Allow the dough to rest at room temperature for 5 minutes. On a lightly floured surface, roll the dough to approximately 1/4-inch thin. Carefully place into a 9x1-inch fluted tart pan or pie dish. Place the pan in the refrigerator and chill for 30 minutes.
Preheat the oven to 400 degrees F. Place the tart pan on a baking sheet. Use a fork to poke holes throughout the bottom of the dough to prevent air bubbles from forming. Line the pie pan with foil over the dough and cover with uncooked beans. Bake for 20 minutes, removing the beans and foil for the last 5 minutes. Allow to cool while preparing the other ingredients. Lower the oven temperature to 350 degrees F.
Slice the asparagus in half. Leave the top halves intact and cut the bottoms into 1/4-inch pieces. Bring a pot of water to a boil and set out a bowl with ice water. Blanch the asparagus (both the top halves and bottom pieces) in boiling water for 1 minute. Drain and then shock in an ice bath to halt the cooking process.
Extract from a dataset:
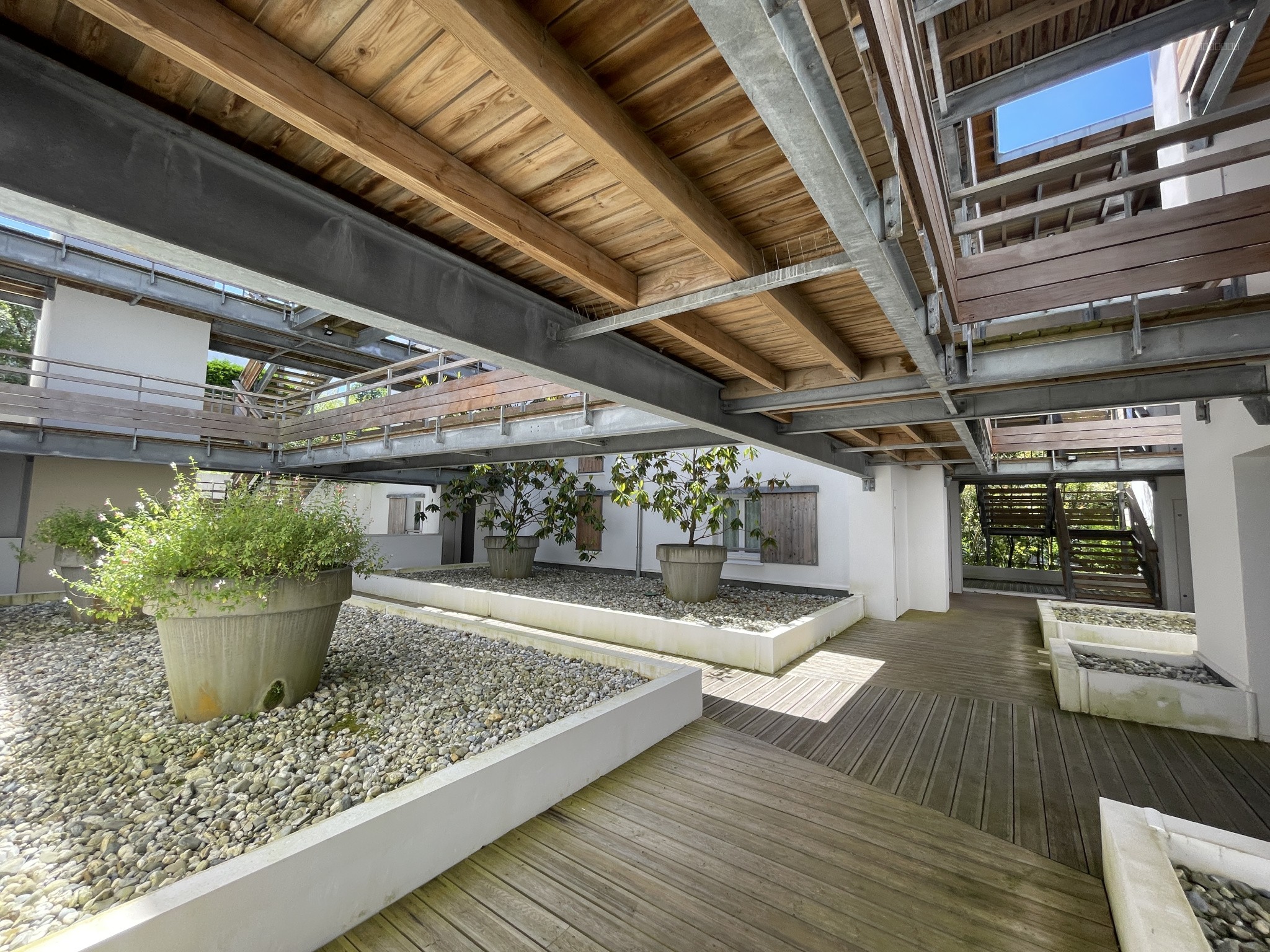 Appartement T3 avec une superbe terrasse — photo 11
Spread 1/2 tablespoon chives evenly in the bottom of the baked pie crust. Sprinkle the goat cheese evenly on top, followed by the chopped asparagus, reserving the top halves for decoration.
In a medium bowl, whisk together the cream, eggs, salt, pepper and nutmeg. Stir in the remaining chives. Pour the custard mixture into the tart shell and then gently lay the top halves of the asparagus on top in a decorative manner.
Bake the quiche for 45-55 minutes, or until no longer liquid but still slightly jiggly in the center. Allow to cool for at least 25 minutes before serving so the custard can fully set.